Within a month and a half of taking the top job, Martínez announced a US$4 billion investment across four main areas: agriculture, infrastructure, sustainability, and community. A common theme in those investments is digital technology, which Martínez sees as critical to helping the company serve customers more conveniently, efficiently, and profitably.

Strategy+business talked with Martínez about PepsiCo Foods Mexico’s growth prospects, its shift to healthier snacks and beverages, its portfolio of sustainability measures, and how technology improves performance and helps companies tell stories in new ways.

S+B: What are PepsiCo Foods Mexico’s growth prospects?

We see very positive prospects for growth over the next two years. One reason is demographic change. A large number of young people are beginning their working lives, and an ever-greater number of women are obtaining jobs that are better paid. The other reason is the strategic position occupied by Mexico, next to the U.S., the most important market in the world.

S+B: What are the biggest challenges the company faces?

One is keeping pace with the changing needs of the consumer, since that demands agility and speed. There are also important changes in the commercial structure in Mexico, evolving from small grocery stores to supermarkets, due to the ever-increasing number of digital platforms. We understand that urban customers are going to have greater access to digital tools.

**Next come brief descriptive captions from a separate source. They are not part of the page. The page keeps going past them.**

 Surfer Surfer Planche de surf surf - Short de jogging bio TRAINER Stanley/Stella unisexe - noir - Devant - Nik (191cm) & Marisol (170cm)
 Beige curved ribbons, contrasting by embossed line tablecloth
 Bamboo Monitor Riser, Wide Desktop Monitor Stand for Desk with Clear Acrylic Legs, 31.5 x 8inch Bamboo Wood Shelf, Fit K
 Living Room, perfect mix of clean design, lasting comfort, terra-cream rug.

Nevertheless, we’re also aware that we need to adapt to every type of customer and to the needs of different types of retailers.

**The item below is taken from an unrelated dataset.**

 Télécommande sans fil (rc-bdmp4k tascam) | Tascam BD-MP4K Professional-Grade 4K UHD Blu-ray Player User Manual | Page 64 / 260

S+B: The Mexican government has recently taken steps to address obesity, implementing measures like a tax on sugar and mandating easy-to-understand food labels — something that is already in place in Chile. How has your company responded to those changes?

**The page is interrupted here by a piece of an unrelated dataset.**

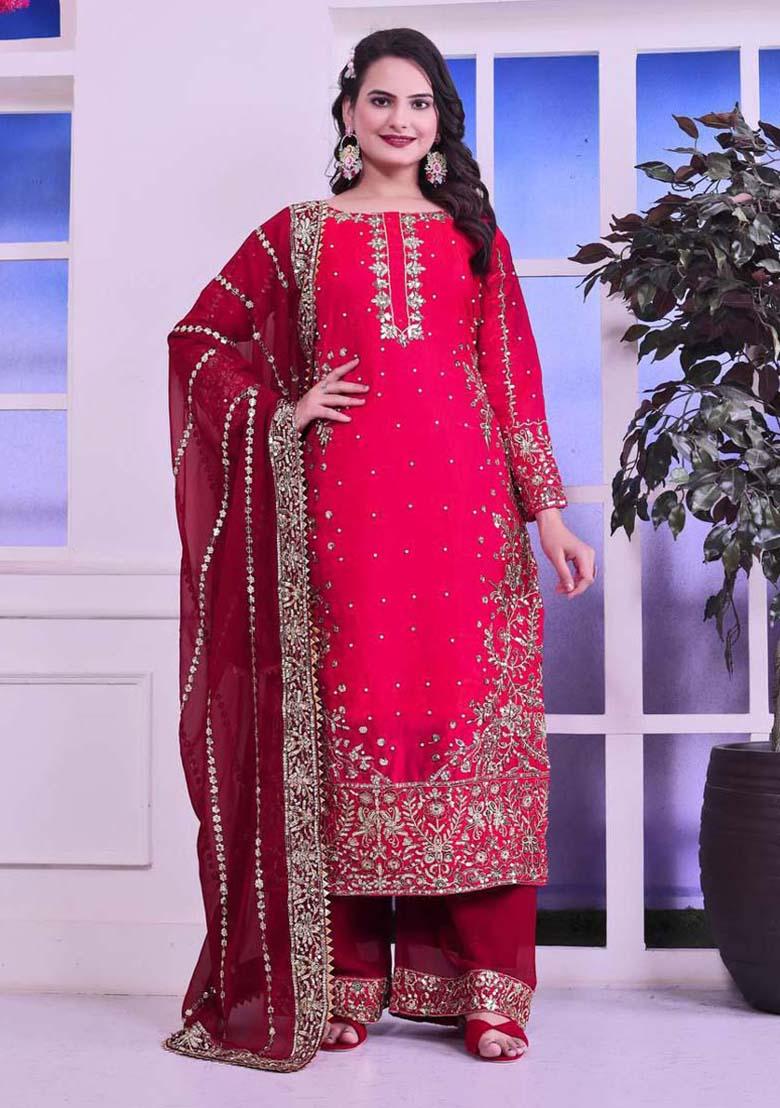 Red Silk Embroidered Salwar Kameez With Dupptta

We’re convinced about the benefits of having transparent, clear, truthful, and useful labeling, supporting consumers with the right information to make their own decisions about what to eat.

S+B: In May 2019, you announced an investment of $4 billion in four aspects of the business: agriculture, infrastructure, sustainability, and community. How will you use those funds?

One billion [dollars] is earmarked for the purchase of raw materials, 90 percent of which will originate from Mexican fields. Another part will go to improve agricultural technology. In fact, in October [2019], we reopened the Sabritas Center for Agricultural Development, which is where we will grow 280,000 tons of potatoes to be used in our products.

Part of the funds will be used to build a factory in Guanajuato. It has been 20 years since we built a factory from scratch in Mexico. This will allow us to increase the total capacity of our system by 12 percent, and we’ll use less energy, since the plant will operate with solar panels. Sustainability is another big objective — we’re investing to reduce our carbon footprint by 30 percent. In fact, we have the second-largest PepsiCo fleet of electric and hybrid vehicles worldwide. Finally, we’ll invest $10 million through the PepsiCo Foundation to help more than 35,000 people living in the most vulnerable communities in Mexico.

Technologies change, but human beings love stories. It doesn’t matter if they’re in 140 characters or a 30-second commercial. We have to communicate with the consumer through those stories.”

S+B: Can you talk more about the company’s sustainability initiatives, particularly in light of climate change?

From 2006 to now, we have reduced our water consumption in Mexico by 50 percent, and we’re continuing that progress by investing in some very modern technologies. One is aeroponics, in which plants basically grow in the air, rather than in the earth. This allows us to consume a mere 10 percent of the amount of water used by traditional agriculture.

We also know that avoiding waste is important, and we have a goal of generating zero waste to landfills. All 15 of our plants are virtually there — 99 percent of the by-products in those plants are either recycled or reused. Similarly, 75 percent of the energy we use in Mexico is from wind. And a plant we’re constructing next year is going to be 100 percent solar powered.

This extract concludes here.